• Web page caption snippets
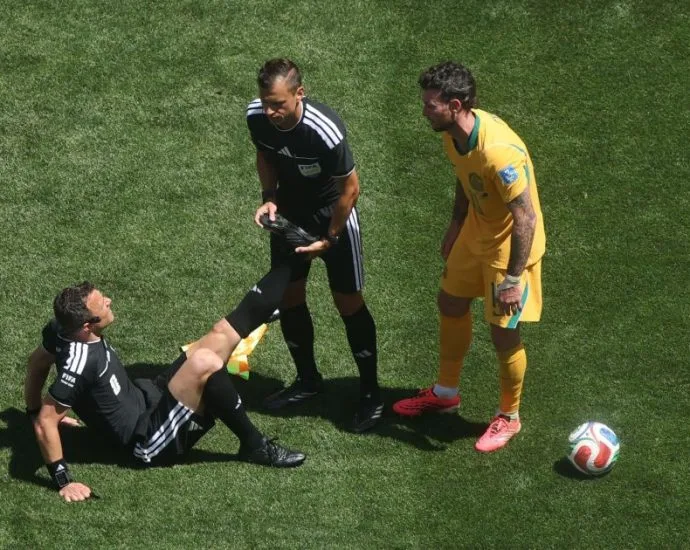 ÁRBITRO DOS ESTADOS UNIDOS X AUSTRÁLIA SOFRE CÂIMBRAS EM CAMPO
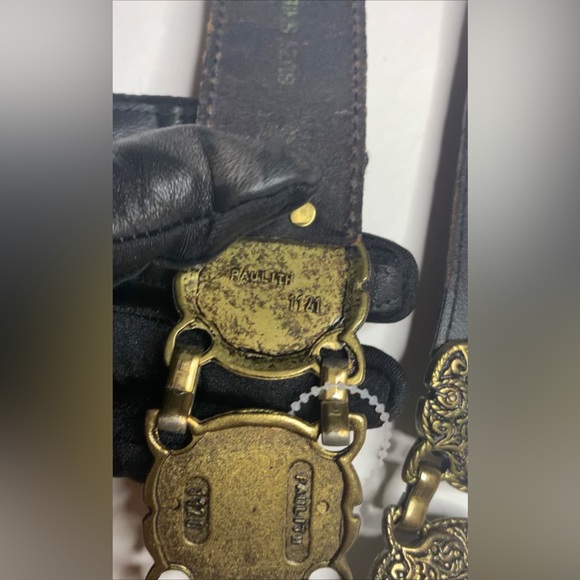 Paulith Vintage Marked Metal Conchos - Black Leather Ladies Belt 35 Inches EUC - Picture 12 of 12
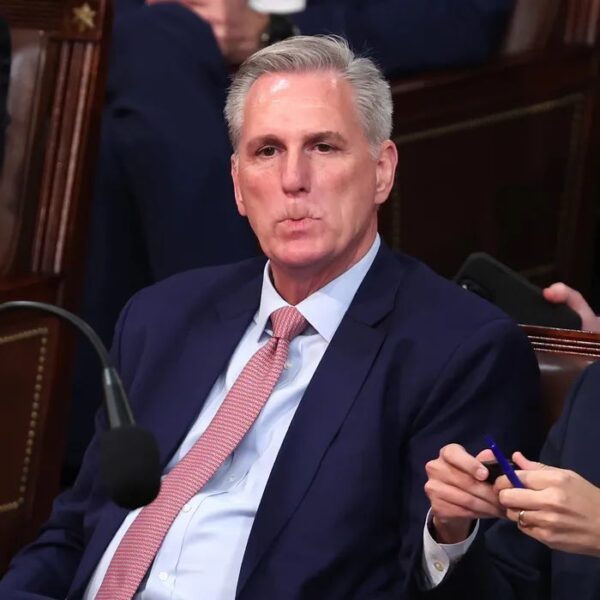 @therecount Has Kevin McCarthy considered suing his plastic surgeon?

Looks like if Khloe Kardashian had used Donda West’s doctor https://t.co/jrVxjbsEcW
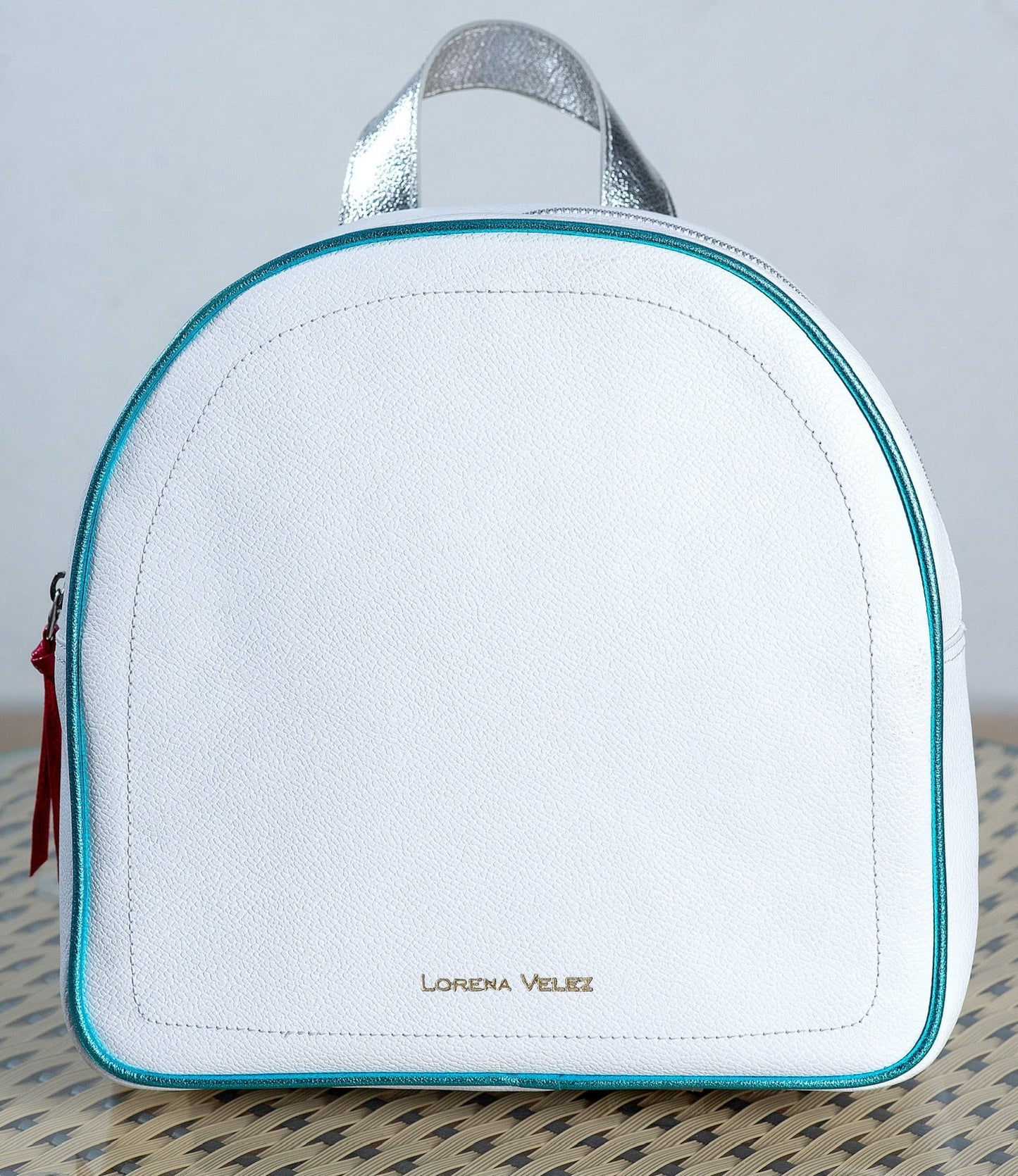 MINI MORRAL (ALICIA)- EN CUERO -blanco con detalles en azul
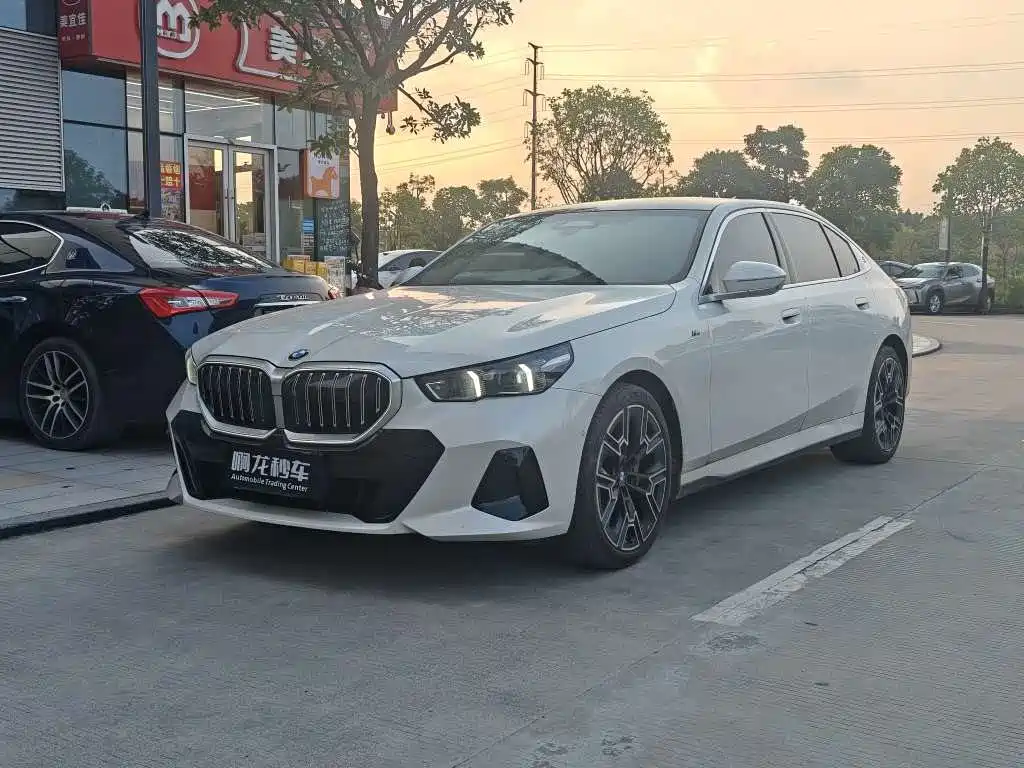 BMW 5 серии 2024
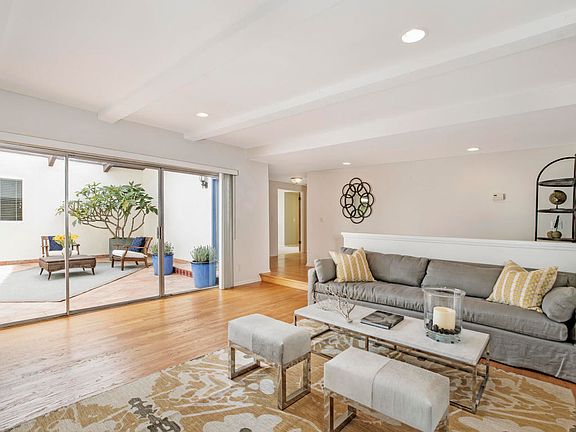 5th image of 1297 Bel Air Dr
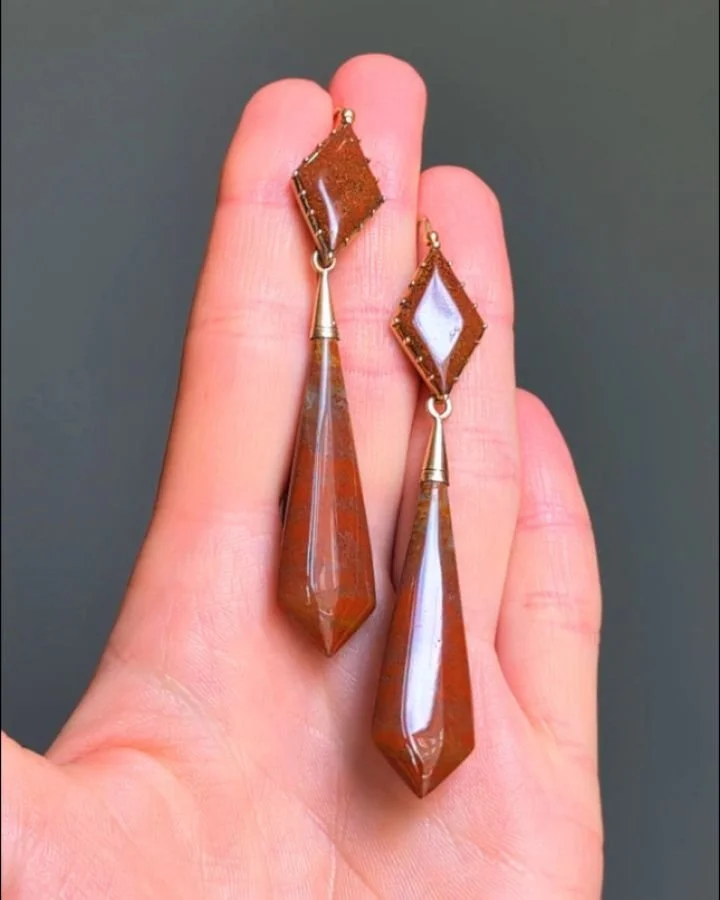 A pair of antique jasper earrings, each lozenged shaped jasper suspending and elongated jasper drop, mounted in gold. English circa 1820. Available $4,500 @simonteaklejewelry #antiqueearrings #antiquedropearrings #antiquejasper #antiqueagate #jaspere
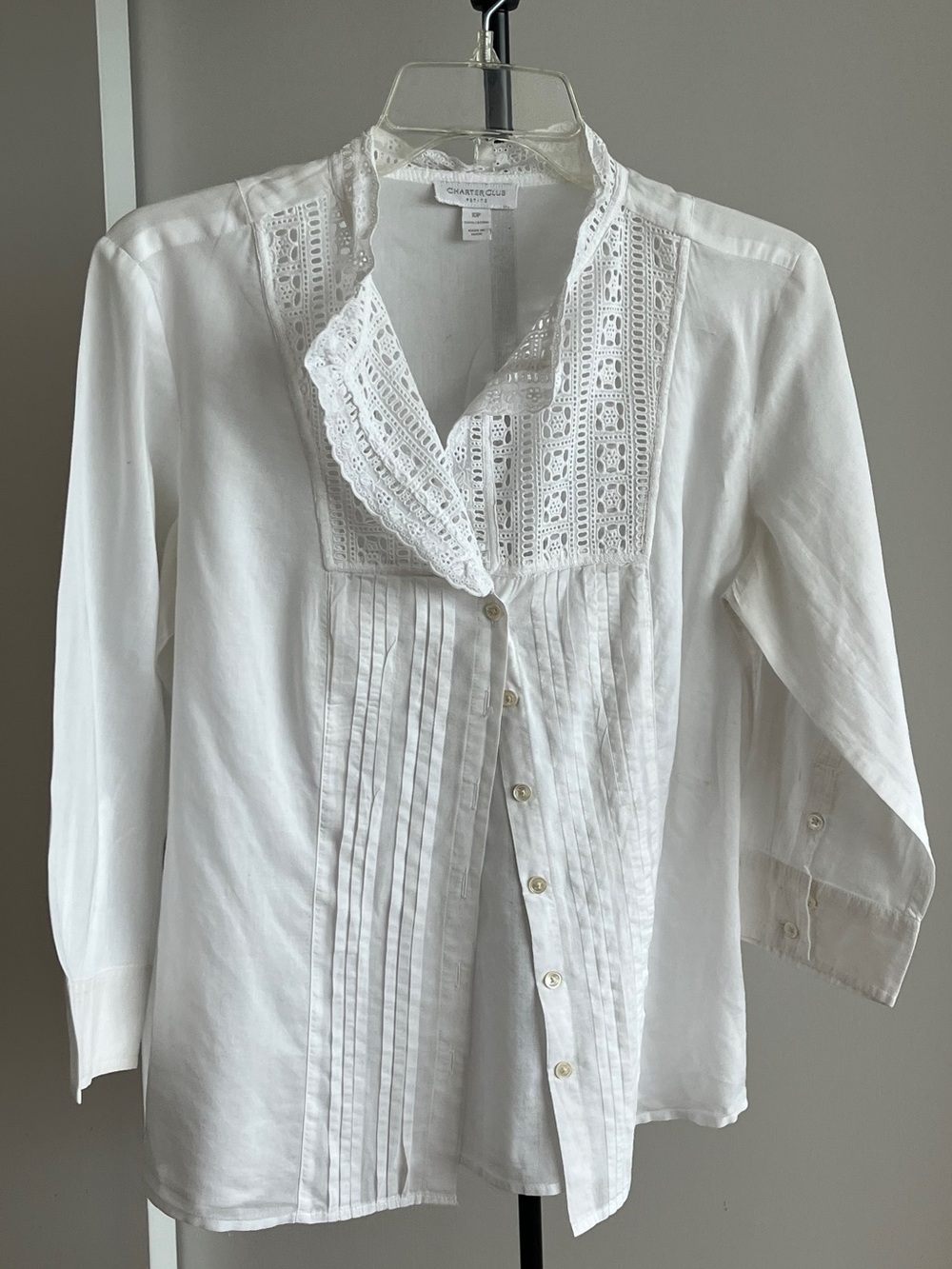Charter Club Eyelet Blouse Shirt White 100% Cotton Eyelet Crochet Button Front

• The problem
Could you transcribe exactly the lines from the start of the records through the line containing "5th image of 1297 Bel Air Dr", both ends included, leaving the pictures out?

• Response below
 ÁRBITRO DOS ESTADOS UNIDOS X AUSTRÁLIA SOFRE CÂIMBRAS EM CAMPO
 Paulith Vintage Marked Metal Conchos - Black Leather Ladies Belt 35 Inches EUC - Picture 12 of 12
 @therecount Has Kevin McCarthy considered suing his plastic surgeon?

Looks like if Khloe Kardashian had used Donda West’s doctor https://t.co/jrVxjbsEcW
 MINI MORRAL (ALICIA)- EN CUERO -blanco con detalles en azul
 BMW 5 серии 2024
 5th image of 1297 Bel Air Dr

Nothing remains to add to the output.